DataStage has two data types that can be used to store dates - DATE
and TIMESTAMP. Transforming data often requires that we manipulate dates
in some way. DataStage has a rich set of functions for all types of
date manipulation yet I constantly see hand-written code to perform
operations that are readily available out of the box.
The following is a discussion of some of the more common date operations and transformations.

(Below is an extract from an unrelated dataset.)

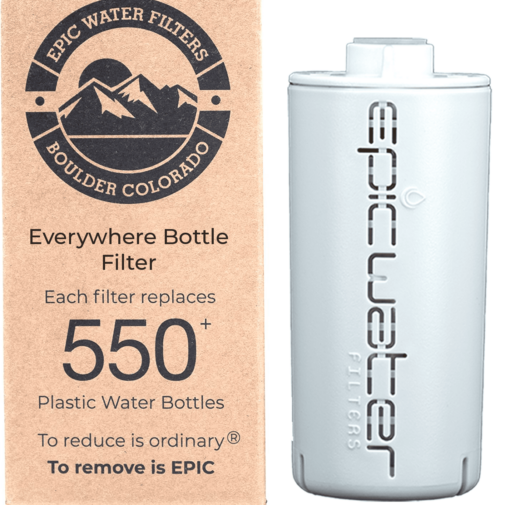 32oz/24oz Epic Filter Cap + Kit - Nalgene®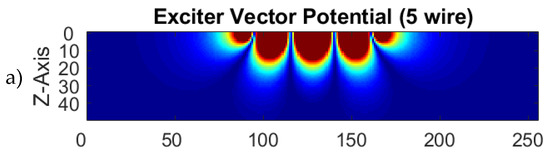 Sensors 20 01306 g0a1a Sensors 20 01306 g0a1a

Let's begin with some definitions of data types straight out of IBM's documentation.
Data Types
SQL Type |
Underlying Data Type |
Size |
Description |
Date |
date |
4 bytes |
Date with month, day, and year |
Timestamp |
timestamp |
9 bytes |
Single field containing both date and time value |
Validation
If you are lucky enough to be working with Date types from a database
then you won't have to worry about invalid dates but more often than
not you will have to validate a string to ensure that you have a valid
date. DataStage provides a function that can validate all data types.
IsValid(%typestring%,%valuestring%,[%format%])
Where typestring is one of the following:
"date", "decimal", "dfloat", "sfloat", "int8", "uint8", "int16", "uint16", "int32", "uint32", "int64", "uint64", "raw", "string", "time", "timestamp". "ustring"
DataStage also provides a number of convenience functions to make life
just that little bit easier so instead of the function shown above you
can use
IsValidDate(%date%)
Date Arithmetic
Adding and Subtracting Days
Converting to Julian date is quite a common way of performing date
arithmetic. Once you have a Julian day, you can simply add or subtract
any number of days from the original value.
JDATE = JulianDayFromDate(DT_VAR)
TOMORROW = JDATE + 1
YESTERDAY = JDATE - 1
LAST_WEEK = JDATE - 7
Once you have performed your arithmetic, you simply change back to a date.
NEW_DT = DateFromJulianDay(LAST_WEEK)
Another way is to use the DateFromDaysSince function.
TOMORROW = DateFromDaysSince(1,DT_VAR)
YESTERDAY = DateFromDaysSince(-1,DT_VAR)
The great thing about this function is it will accept a string so long as the string is in the format ("%yyyy-%mm-%dd").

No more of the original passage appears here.